事例を簡略化して、簡単に表現すると、子の子が相続人となるのが代襲相続で、子の子のさらに子が相続人となるのが再代襲相続というわけです。
具体的には、曽祖父の遺産を相続するはずであった子も孫も、曽祖父が亡くなる前に既に亡くなっているという場合、すなわち、相続人も代襲相続人も既に亡くなっているという場合に、ひ孫が曽祖父の遺産を相続するというのが再代襲相続になります。
代襲相続はどこまで続くのか
代襲相続はどこまで続くのか、言い換えると、再代襲相続はどこまで適用されるのでしょうか。
再代襲相続は、被相続人の直系卑属であれば、何世代後であっても適用があります。
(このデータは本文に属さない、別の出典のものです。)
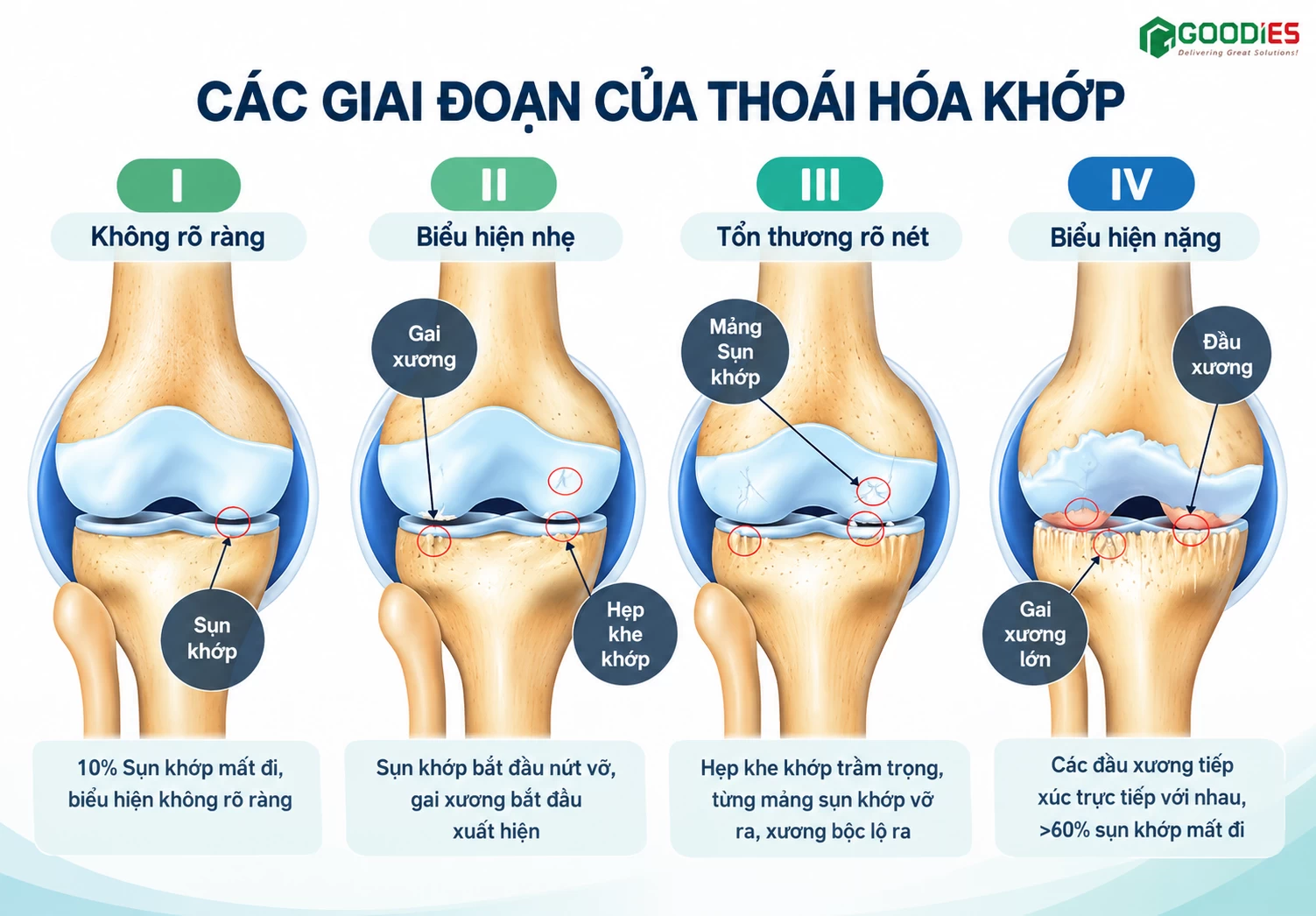 THOÁI HÓA KHỚP GỐI TIẾN TRIỂN QUA 4 GIAI ĐOẠN NHƯ THẾ NÀO?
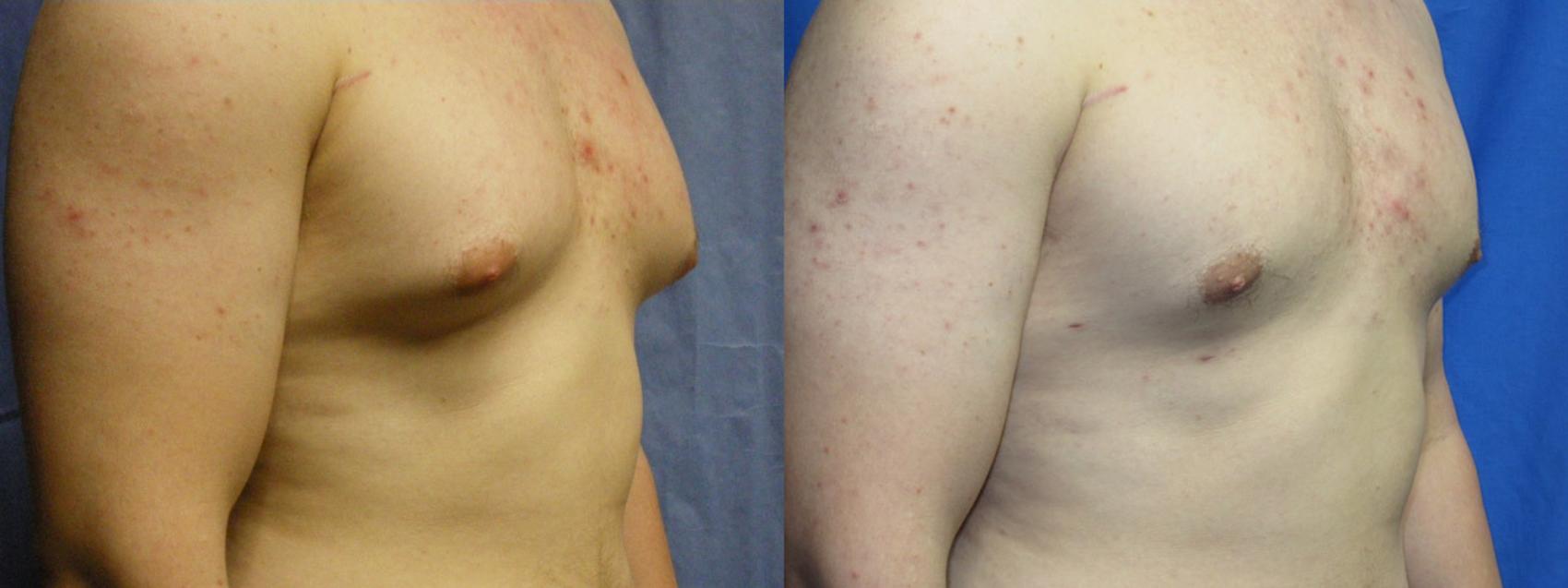 Liposuction - Male Chest Before and After Pictures Case 3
現実に存在するかは別として、例えば、ひ孫の子である玄孫(やしゃご)が再々代襲相続したり、玄孫の子である来孫(らいそん)が、さらに再々々代襲相続するということも、法律上は可能です。
再代襲相続は、被相続人の直系卑属が相続人の場合には、永遠にどこまでも適用されますが、被相続人の兄弟姉妹が相続人の場合には、代襲相続は発生しますが、再代襲相続は発生しませんので注意が必要です。
例えば、被相続人が亡くなり、その法定相続人が兄弟姉妹であった場合に、その兄弟姉妹が被相続人が亡くなる前に既に他界しているという場合、代襲相続によって、甥や姪が相続人となります。しかし、その甥や姪も亡くなっているという場合には、再代襲相続の適用はありませんので、甥や姪の子が相続人になることはありません。
おわりに
今回のコラムでは、相続人が誰であるかを確定する際に重要となる代襲相続はどこまで続くのか、再代襲相続について解説しましたが、いかがだったでしょうか。
代襲相続は兄弟姉妹・甥姪などの傍系血族にも適用がありますが、再代襲相続については、直系卑属のみに適用があるというのが、ポイントとなります。そして、直系卑属であれば、何代後の世代であっても再代襲相続は可能です。
相続に関する用語や制度は、一般の方には馴染みが薄く、難解のものが少なくないのですが、ひとつひとつ理解することで、より相続のことを身近に感じ、相続対策等に役立て頂けたら幸いです。